China is by far the largest chemical producer in the world, and many German chemical multinational companies have large investments in the country. A total of 189 subsidiaries of German chemical companies operate in China. Together they achieve a turnover of around 17.4 billion euros and employ 52,000 people. At the same time, Chinese companies are increasingly investing in companies in Germany and Europe.
Around 60 participants evaluated developments on labour relations in China and possible cooperation and partnership with their Chinese counterparts. The main expectation raised by the IG BCE’s Industry Forum was that worldwide workers need to stand together and competition by the companies must not be done at the expense of working conditions, safety and wages.
"Companies’ social responsibility is not limited to Germany. Good work needs respect, fairness and trust," said Michael Vassiliadis, President of IG BCE. "We need to build a Competence-Team to help our friends there."
Although the Chinese government has carried out reforms in the field of labour law and the establishment of the Employment Contracts Act, Employment Promotion Act and the labor dispute law, the way to a more efficient and fair labour market is still long and arduous.
The central government’s predetermined legal framework can be interpreted and applied flexibly to the respective region by the local administration, making it difficult to effectively enforce and demand the regulations and laws.
Another fundamental problem is the restriction of forming independent trade unions. Each localized and newly formed union has to join the All-China Federation of Trade Unions (ACFTU) to be considered legitimate.
The participants received reports that multinational companies such as Bayer and Evonik implement the German labour relations model at their plants located in China. This includes elections for workers' representatives and negotiated collective bargaining agreements. The reports showed that support given by German works council members helped creation of common understanding and a joint working culture at workplaces.
Oliver Zühlke, Chairperson of the General Works Council of Bayer AG, reported on the status of participation in Bayer’s factories in China. He said 96 per cent of employees were organized and workers representatives were elected at the Chinese factories of Bayer. However, labour relations are not only working for exchanging technical and organizational information, but also sharing concerns such as investment slowdown or economic migration.

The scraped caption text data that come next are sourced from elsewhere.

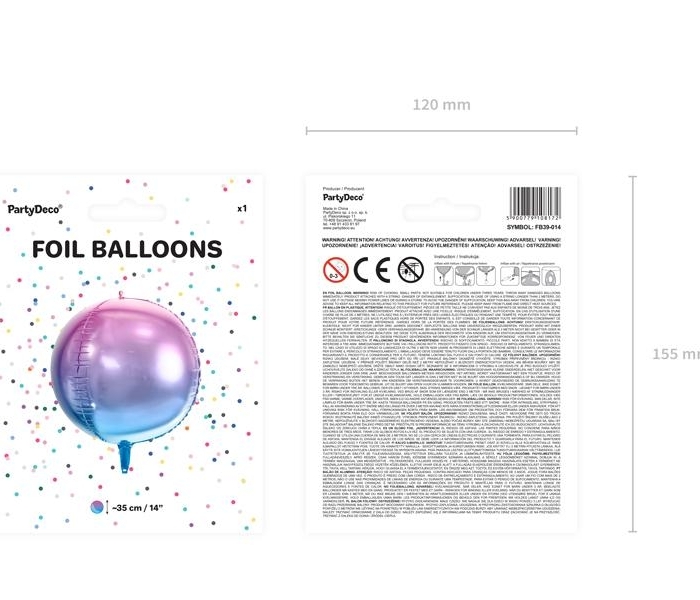 Folieballong Klot - Ombre Lila/Blå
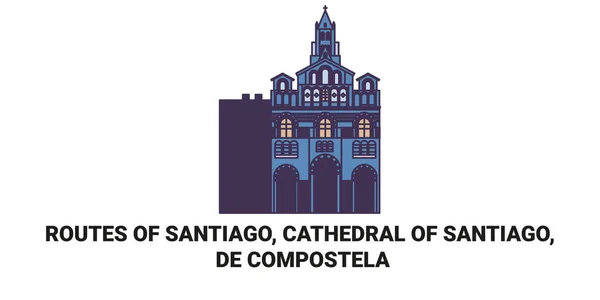 圣地亚哥路线 圣地亚哥大教堂 Compostela旅行地标线矢量图解 — 图库矢量图片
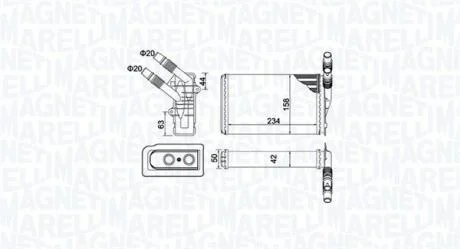 Теплообмінник, система опалення салону MAGNETI MARELLI 350218433000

"You can speak up to ensure that the same standards are applied to all employees of the same multinational company. Settling good labour relations in China also helps workers in Germany. Competition should not take place at the expense of labour costs. We want a system whereby all employees can exercise their fundamental rights," said Kemal Özkan, Assistant General Secretary of IndustriALL Global Union in an interview at the Industry Forum.